Le véritable défi n’est pas tant d’obtenir une vérité de première main, mais de confronter ce qui se dit à d’autres modes d’analyse. Il s’agit de croiser la parole de l’auteur avec une lecture sémiotique ou esthétique (Philippe Paolucci), même lorsque leurs interprétations divergent (Laura Caraballo, Andrieu). Un doctorant insiste : l’entretien n’est pas une interview journalistique, mais une véritable source scientifique.

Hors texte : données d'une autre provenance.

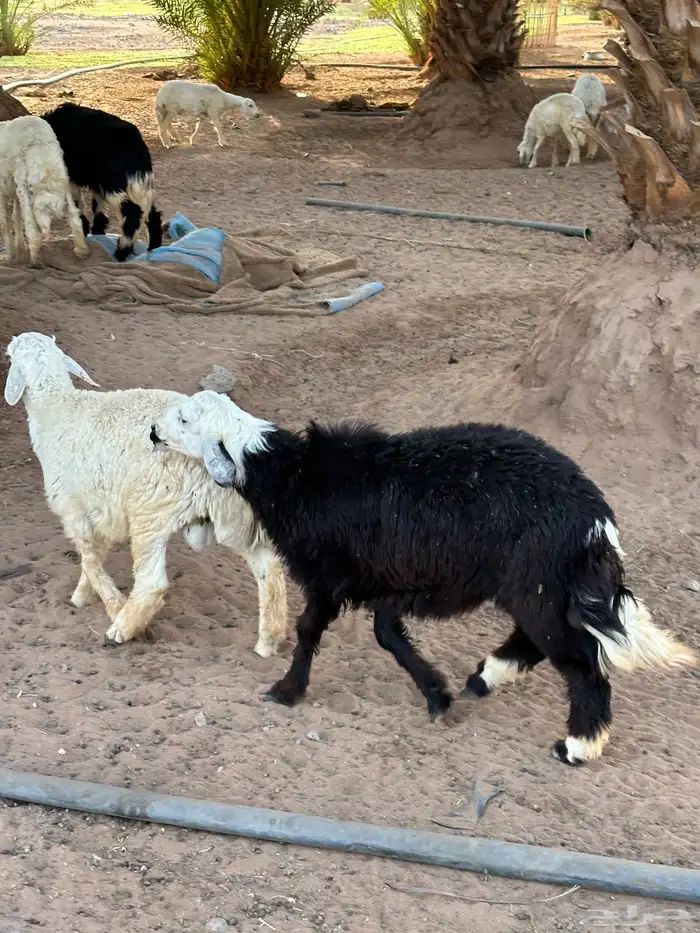 خرفان للبيع العدد 12 3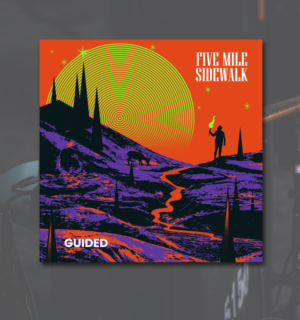 CD-Cover-Design von Heydale für dieses Projekt | Design: #26396405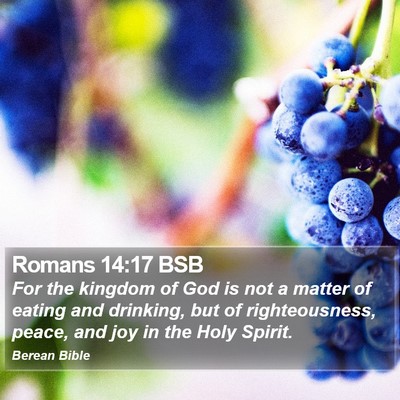 Romans 14:17 BSB Bible Verse Image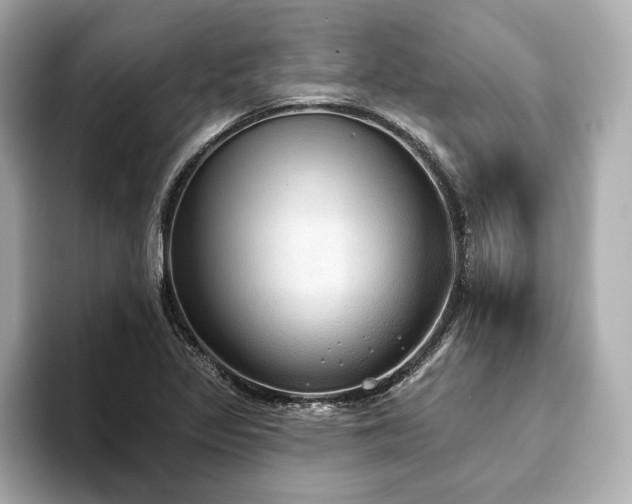X0000093621317200710151253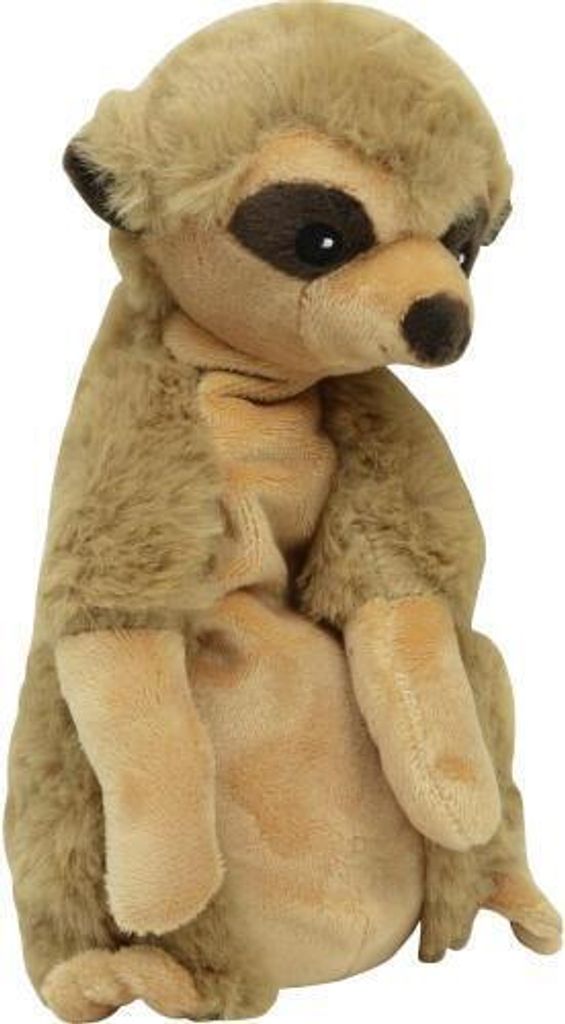 Meerkat 13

Pourquoi ce goût prononcé pour la parole des acteurs, et en particulier des auteurs ? Il s’explique sans doute par le contexte propre à la bande dessinée, où la figure de l’auteur est revenue sur le devant de la scène, dans un climat économique tendu. À l’université, cette pratique s’inscrit dans le développement de l’histoire orale depuis les années 1980. Difficile de dire si cela est aussi marqué dans la recherche sur la littérature écrite ou les beaux-arts, mais une tradition s’est installée dans les études sur la bande dessinée, universitaire ou non, qui fait de l’auteur un interlocuteur de choix, à travers revues et monographies. Peut-être est-ce aussi une question d’accessibilité : l’auteur de bande dessinée semble plus proche, plus disponible que d’autres créateurs.

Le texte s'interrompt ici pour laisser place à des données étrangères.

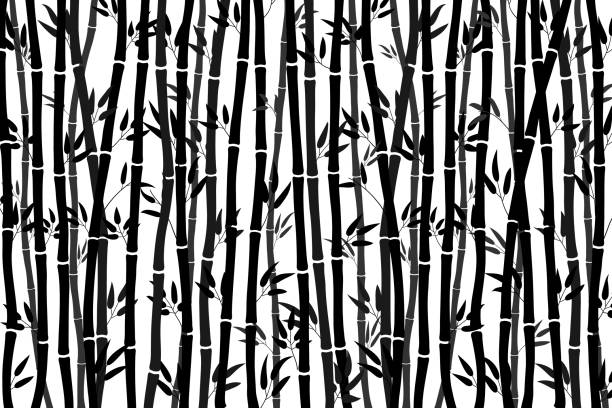 Abstract background - bamboo forest. Black drawing of bamboo stalks on a white background. Vector illustration Abstract background - bamboo forest. Black drawing of bamboo stalks on a white background. Vector illustration, print, texture bamboo background stock illustrations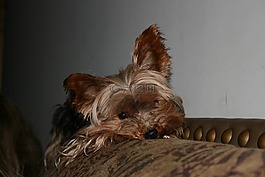 約克,小獵犬,狗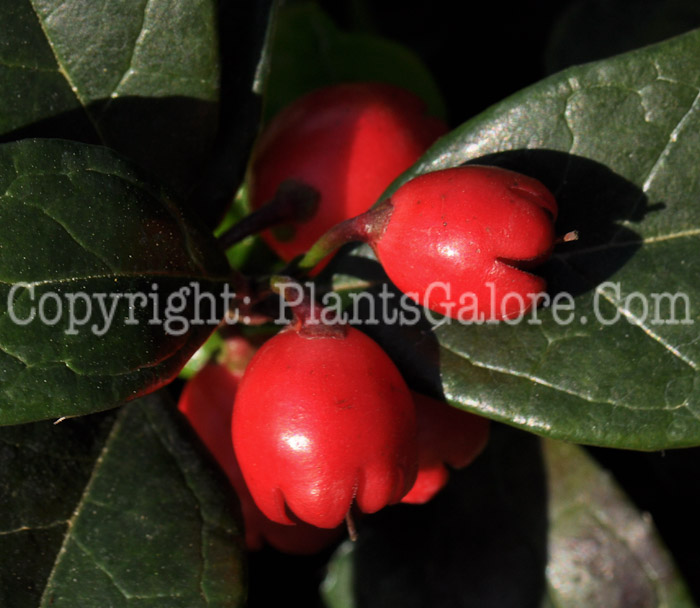 PGC-S-Gaultheria-procumbens-aka-Creeping-Wintergreen-10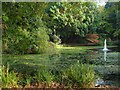 Reed Pond, University of Exeter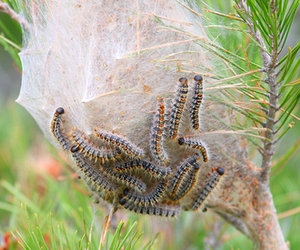 Chenille processionnaire du pin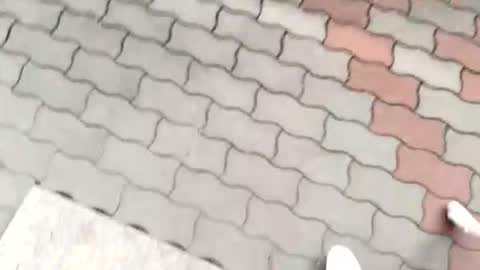 moos1 online show from September 2025 12:16:02 PM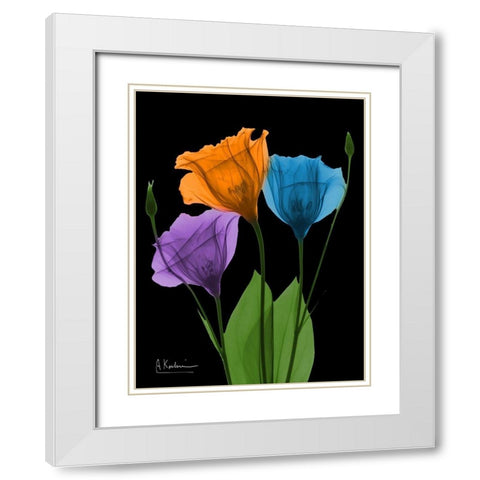 Jewel Gentian Buddies 3 White Modern Wood Framed Art Print with Double Matting by Koetsier, Albert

Approches « culturalistes » et « comparatistes »

Deux démarches méritent d’être évoquées, tant elles témoignent de l’ouverture des jeunes chercheurs vers les tendances internationales de la recherche sur la culture : les approches « culturalistes » et « comparatistes ».

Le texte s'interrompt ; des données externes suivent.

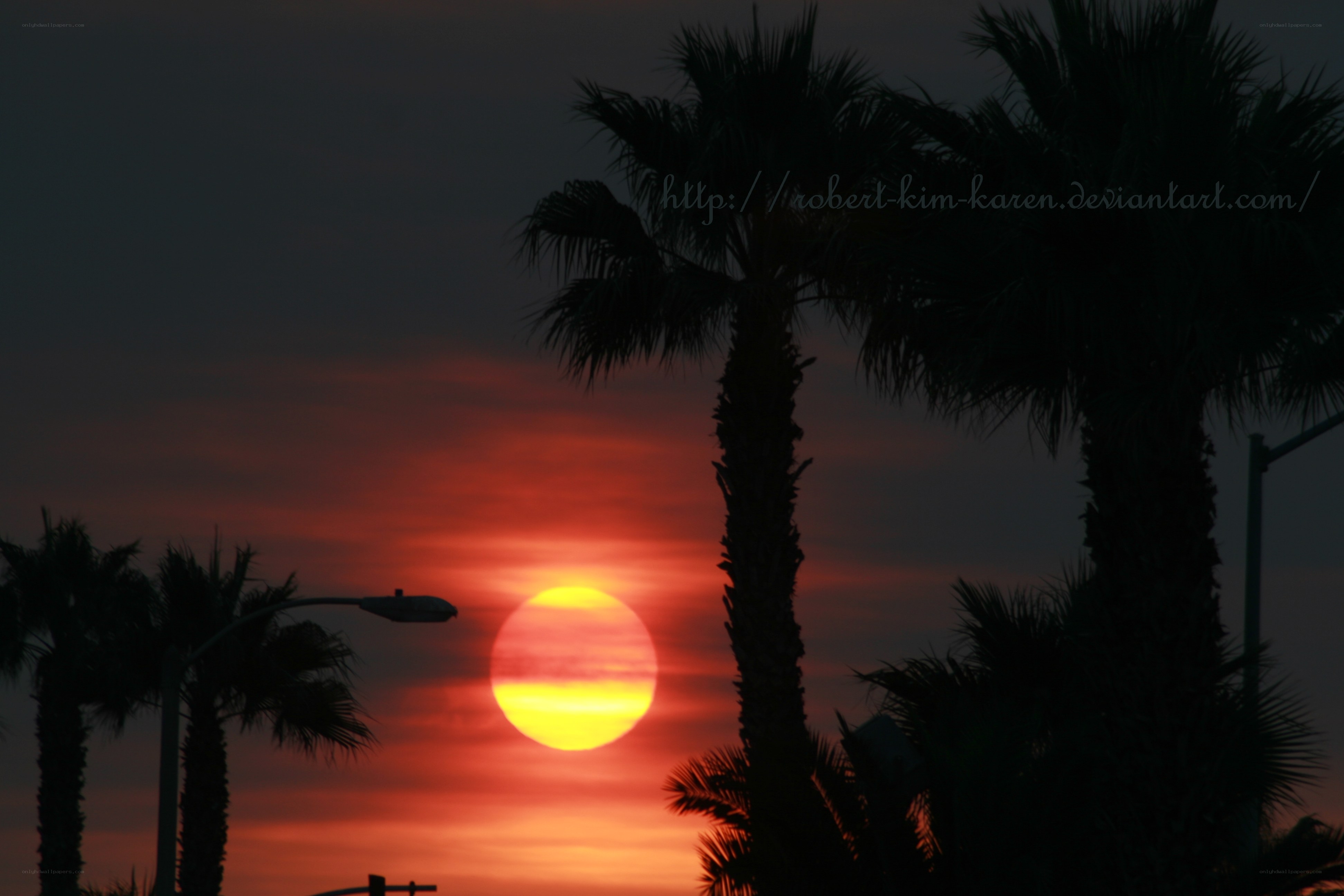 sunset behind palm trees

L’approche « culturaliste », citée par l’un des doctorants, s’inspire directement des cultural studies anglo-saxonnes, longtemps absentes du paysage français. Elle se veut transdisciplinaire, envisageant la culture dans son ensemble comme un prisme pour comprendre la société et ses enjeux, y compris politiques. Dans cette perspective, la bande dessinée n’est plus uniquement objet d’étude, mais aussi trace ou symptôme de faits sociaux et historiques. Plusieurs doctorants croisent ainsi la bande dessinée avec des problématiques identitaires (Guillaume), la question de la violence légitime (Désirée Lorenz), la mémoire et la construction historique (Vincent Marie, Isabelle Delorme, Sébastien Llaurens), la mobilisation professionnelle (Nocerino) ou encore les normes politiques (Damien Boone).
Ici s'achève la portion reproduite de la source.